Multi-objective optimization of a dual fuel CI engine powered with syngas and pilot diesel using TLBO algorithm: A metaheuristic approach

The thermochemical conversion of biomass into producer gas presents an attractive alternative fuel option for compression ignition (CI) engines, making biomass gasification a critical driver for achieving sustainable development goals. Considering the application of producer gas (PG) in CI engine, the most potential gases include H2 and CO as main fuel compounds and it is crucial to comprehensively understand the impact of these two gas components on the engine behaviour. Nowadays, artificial intelligence-powered models are frequently applied for simulating engines that run on a single type of fuel.

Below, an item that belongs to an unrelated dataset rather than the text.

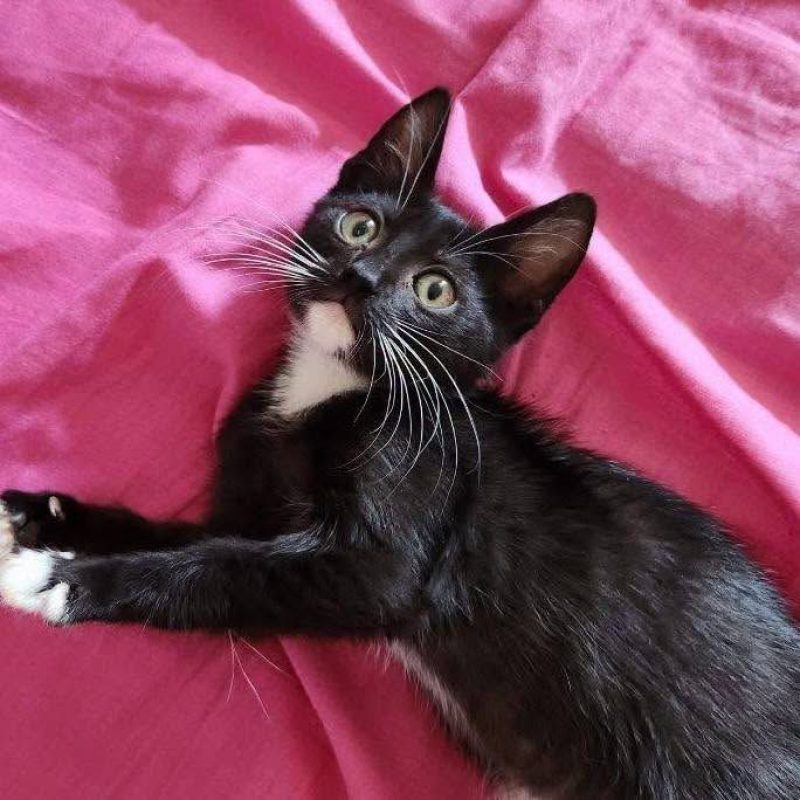 Milka - Chat Européen à adopter - photo 2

However, their usage is not as common when it comes to modeling dual-fuel CI engines run on synthetic producer gas or syngas. The present study explores the feasibility of optimizing operational parameters, such as engine load and syngas composition, in improving the efficiency and lowering the levels of pollutants emitted by a 3.5 kW CI engine operated under dual fuel (DF) mode using syngas as primary fuel and diesel as pilot fuel. The performance and emission characteristics of syngas (H2:CO) is examined by studying its behaviour in four different combinations. The compositions of syngas are prepared based on the volumetric percentage of the H2 and CO and is inducted into the combustion chamber using a novel venturi-type air-gas mixer. In the present study, an intelligent metaheuristics-based optimization algorithm i.e., Teaching–Learning Based Optimization (TLBO) is developed and introduced, to develop a predictive model within constrained range of engine operating conditions. Further, the algorithm is used to estimate multiple engine performance characteristics simultaneously viz., brake thermal efficiency (BTE), unburned hydrocarbons (HC), and carbon monoxide (CO). The resultant findings identify the optimal engine load of 68.87% and the ideal syngas composition of 63.9% H2 and 49.5% CO as key parameters for maximizing engine efficiency while minimizing exhaust emission. At these optimized operating condition, 19.49% BTE is observed, while HC and CO emission was found to be 384.6 ppm and 445.33 ppm respectively. This shows the effective and efficiency of the proposed algorithm.